図3は、具体的には、以下の処理が時系列で実行される様子を示している。
【0020】
(1)管理者端末12から雇用関係仲介サーバ20に求人情報が提供される。
この求人情報には、勤務地、勤務時間、職務内容、給与、応募資格等の情報が含まれている。
【0021】
(2)求人情報を受けた雇用関係仲介サーバ20は、その求人情報を含む求人広告をユーザ端末14に送信する。送信先のユーザ端末14は、予め送信希望を受けている端末だけに限定してもよい。或いは、過去の送信に対して解除の要求を受けていない端末を含めて送信先としてもよい。
【0022】
(3)求人広告を受信したユーザ端末14のうち、ユーザ端末14-1のユーザが、雇用関係仲介サーバ20に対して応募の意思を返信している。

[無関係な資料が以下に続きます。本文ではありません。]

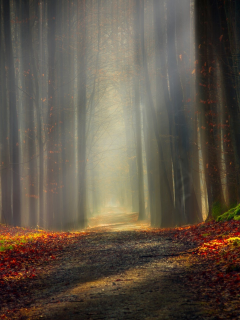 forest, outdoor, nature, shadow, light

この応募を受けて、雇用関係仲介サーバ20は、応募者が応募資格を満たしているか否かを判断する。その結果、条件が満たされている場合は、管理者端末12とユーザ端末14-1の双方に、雇用関係の成立を連絡する。尚、本開示における「雇用関係」は、労務に対して対価を支払う関係一般を指しており、例えば、業務委託の関係も含むものとする。
【0023】
(4)雇用関係が成立すると、管理者端末12から雇用関係仲介サーバ20に対して、給与預託の指令が送信される。本実施形態では、決められた給与支給日に、管理者からユーザに給与が支払われるのを原則としている。上記の指令により、雇用関係仲介サーバ20は、次回の給与支給日にユーザに支払うべき給与の預託に必要な処理を完了させる。このような預託の制度によれば、ユーザは、給与不払いを回避できるというメリットを享受することができる。一方、管理者は、優良な雇用先としての印象を与えられるというメリットを得ることができる。
【0024】
図4は、雇用関係の成立後、就労に対して給与が支払われるまでの基本の流れを説明するための図である。

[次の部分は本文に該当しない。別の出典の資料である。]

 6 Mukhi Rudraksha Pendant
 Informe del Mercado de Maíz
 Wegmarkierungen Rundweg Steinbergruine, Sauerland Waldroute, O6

図4は、具体的には、以下の処理が時系列で実行される様子を示している。
【0025】
(1)ユーザ端末14-1を持つユーザが、成立した雇用関係に基づく業務に労務を提供する。
【0026】
(2)管理者が、管理者端末12を用いてユーザの勤務情報を雇用関係仲介サーバ20に提供する。勤務情報には、例えば、給与支給日、給与支給日までの勤務予定、雇用関係の終了時期、日々の就労の開始および終了に関する承認、ユーザの勤務態度および勤務評定などを含めることができる。
【0027】
(3)雇用関係仲介サーバ20が、受け取った勤務情報に基づいて予定給与の額を計算し、その額をユーザ端末14-1に提供する。具体的には、雇用関係仲介サーバ20は、日々の就労の開始および終了に関する承認の履歴に基づいて、完了した未払いの労務の対価を計算し、その結果を確定債権に基づく予定給与の額とする。また、次回の給与支給日までに予定されている未完の労務に対する対価を含む額を未確定債権を含む予定給与の額とする。この処理が実行されることにより、ユーザは、就労に対する対価の価額をいつでも簡単に確認することができる。
【0028】
(4)雇用関係仲介サーバ20は、給与支給日以前に、給与支給日における給与の振り込みを、Payサーバ16に依頼する。
【0029】
(5)Payサーバ16は、上記の依頼に応じて、給与支給日に、ユーザ端末14-1に対して、電子マネーによる給与の振り込みを行う。より具体的には、ユーザ端末14-1を所有するユーザが、給与の振り込み口座として指定している電子マネーの口座に対して、電子マネーにより給与の額を振り込む。以上の処理により、給与の支払いに関する通常の決済が完了する。
【0030】
[実施の形態1の特徴的動作]
図5は、本実施形態において、成立した雇用関係の当事者が持つユーザ端末14-1に表示される特徴的な画像を示す。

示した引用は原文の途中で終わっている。